• [INSTRUCTIONS FOR THE TASK]: Repeat word for word the lines starting at the one with "Apartament typu Junior" and ending at the final line of the material, both ends included; omit pictures.

'''

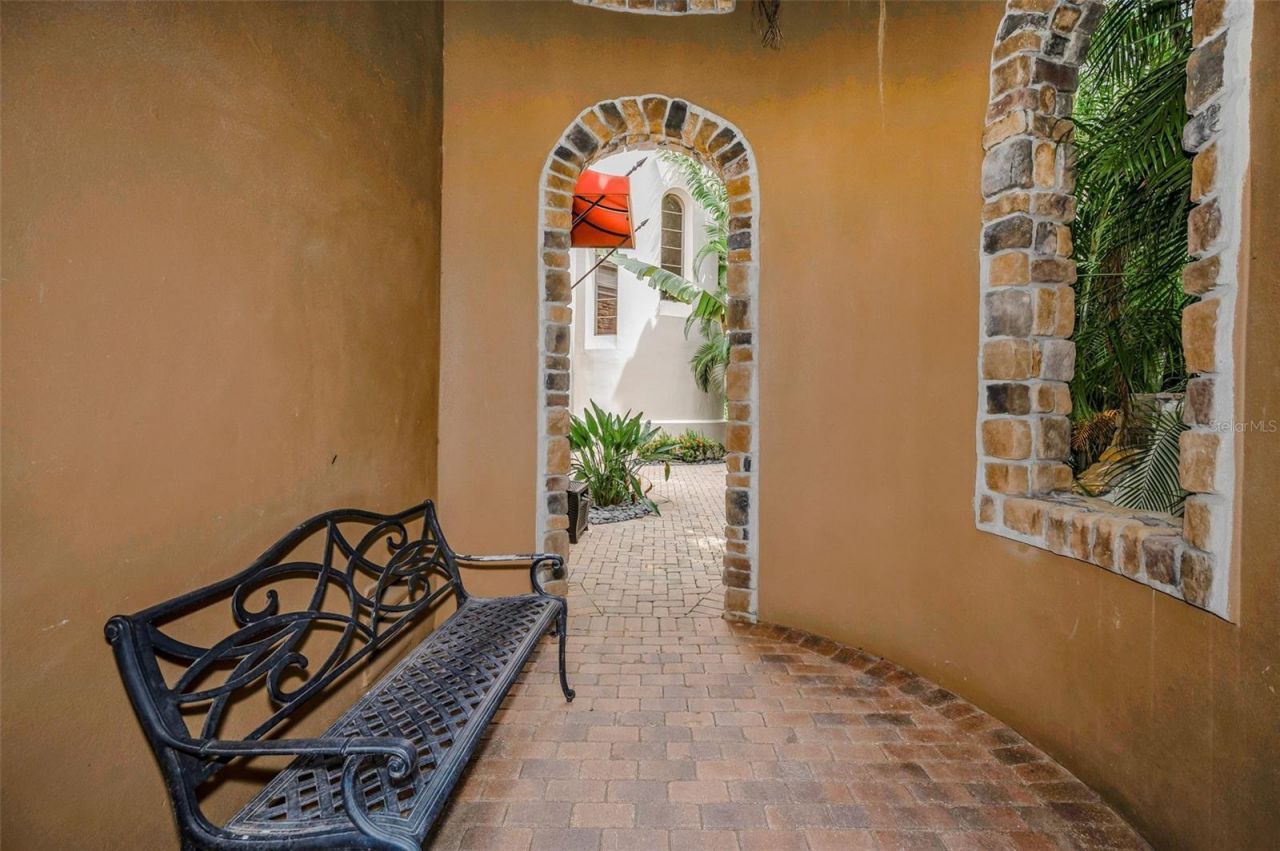 801 Brightwaters Boulevard Ne, Saint Petersburg, FL 33704 Photo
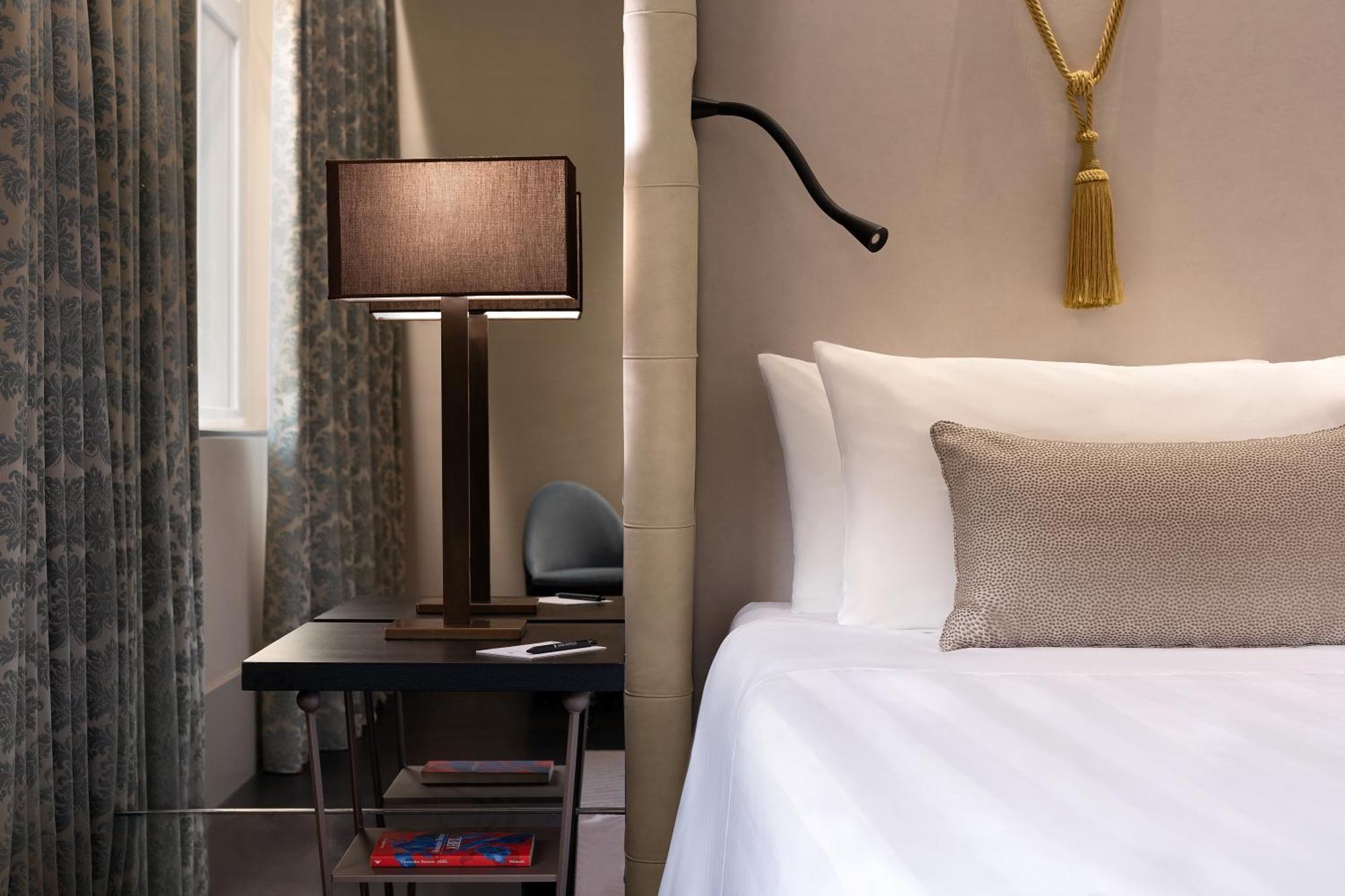 Apartament typu Junior Suite z łóżkiem typu king-size i widokiem na miasto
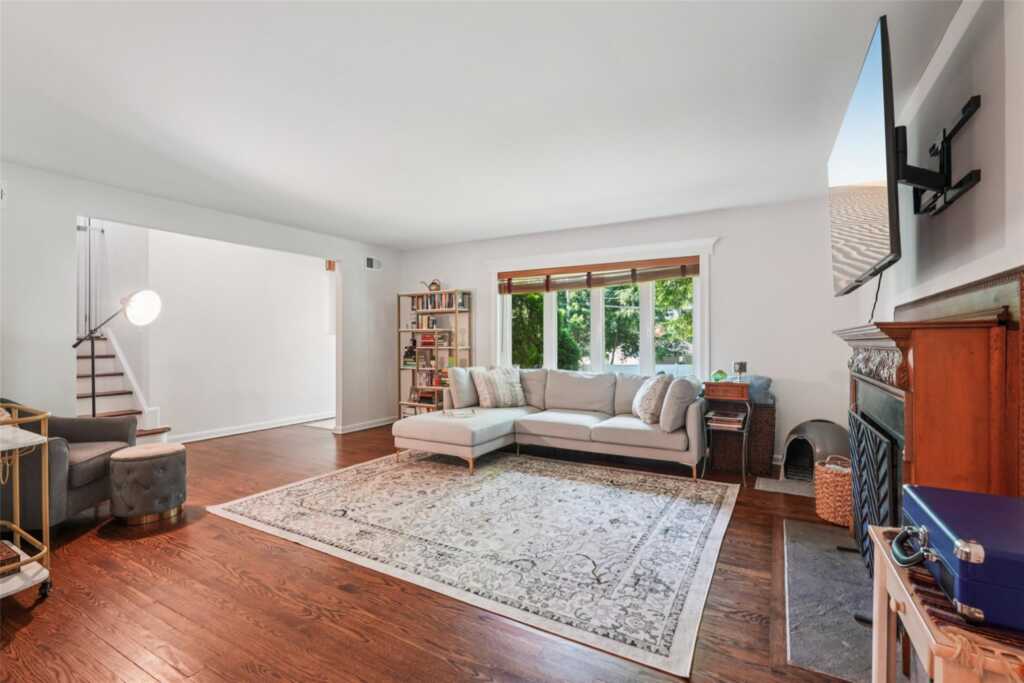 46 Red Hill Road, New City, NY 10956 - Photo 5 of 45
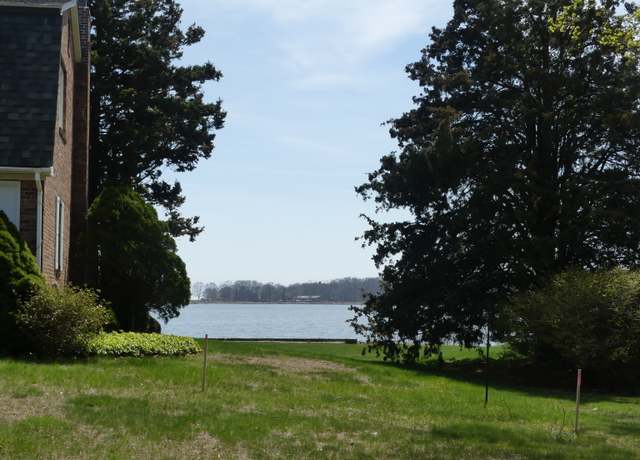 Property at 10 Mulberry St, Old Saybrook, CT 06475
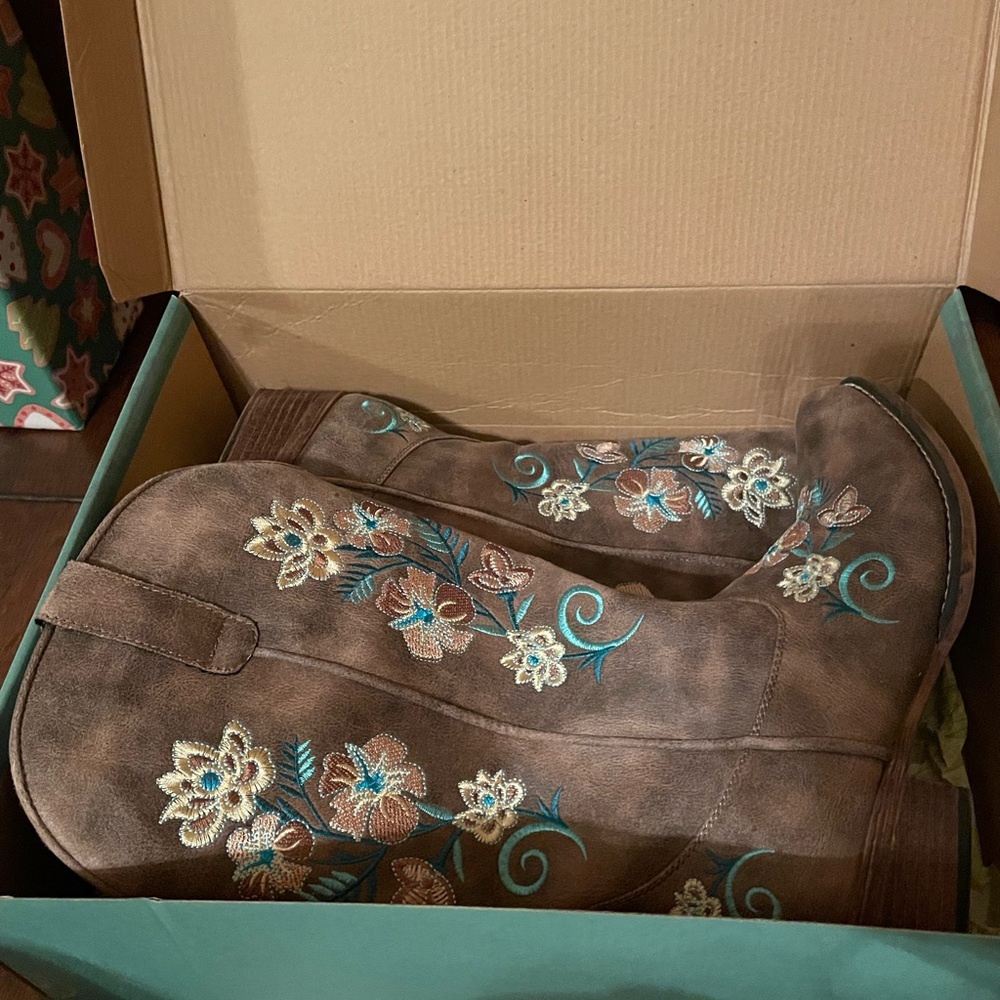 Floral Cowboy Boots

'''

• [RESULT]:
 Apartament typu Junior Suite z łóżkiem typu king-size i widokiem na miasto
 46 Red Hill Road, New City, NY 10956 - Photo 5 of 45
 Property at 10 Mulberry St, Old Saybrook, CT 06475
 Floral Cowboy Boots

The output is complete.